Clean Arctic's recommendations include rolling barrels manually, draining fuel before transportation, and sawing large structures into fragments for helicopter delivery

MOSCOW, November 6. /TASS/. The Clean Arctic environmental project's volunteers developed standards for cleaning hard-to-reach Arctic territories. They used experience of a cleanup mission at Cape Chelyuskin, from where over two years the project participants removed eight tons of waste, Clean Arctic's press service told TASS.

Cape Chelyuskin's polluted area is about 40 hectares that keep big amounts of scrap metal - remnants of machinery, equipment, towers, ladders, platforms and about 40,000 empty barrels. Metal had been accumulated at Eurasia's northernmost point for almost 90 years - since the 1930s, fuel and equipment have been brought there for the polar station.

"We hope that when the mission at Cape Chelyuskin is completed, a new chapter of history will begin there. It is not only an important geographical point on the Northern Sea Route, it is also an indicator of the region's environment conditions, where meteorologists monitor climate change," the press service quoted the project's leader Andrey Nagibin as saying.

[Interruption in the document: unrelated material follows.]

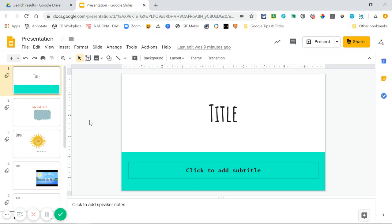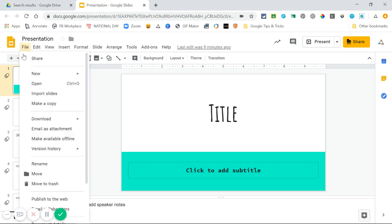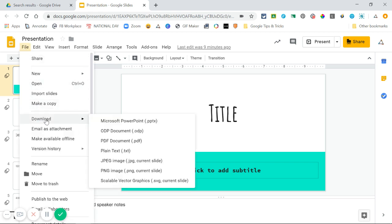You have the option to download your Google Slides as other formats. To do this, go to the File menu and choose Download. You'll see a list of options where you can download your Google Slides as something different — a Microsoft PowerPoint, PDF document, and images are the most popular.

Jointly with weather forecast specialists of the Northern Department for Hydrometeorology and Environmental Monitoring, the volunteers prepared recommendations on safe waste management. The developed methods observe peculiarities of the tundra soil. "In the Arctic, the tundra surface is very vulnerable due to the thin vegetation layer. Heavy machinery, used in the cleaning, will damage the entire cover, which will either never recover or which will be recovering for decades," the press service told TASS.

Clean Arctic's recommendations include rolling barrels manually, draining fuel before transportation, and sawing large structures into fragments for helicopter delivery. Collected scrap metal is put into nets and a helicopter transports the nets onto the ship. The waste is placed in the holds. The cargo weight is calculated from the vessel's draft, and at the port the cargo is transferred to licensed processors.

At Cape Chelyuskin, volunteers tested the "Northern Removal" technology - to use routes of vessels that deliver vital cargo to the North (the so-called Northern Supplies program). A helicopter takes the collected scrap metal, packed into nets, onto the Mikhail Somov ship that brings the waste for further processing to Arkhangelsk along the logistics chain that is used for the Northern Supplies program. The Clean Arctic project has used this option to remove eight tons of waste over recent two years.

About the project

The Clean Arctic project began in 2021. Over this time, almost 10,000 people from across the country have collected about 22,000 tons of waste, and cleaned more than 1,000 hectares of Arctic land. The project's general partner is the Rosatom state-run corporation, with TASS as its general information partner.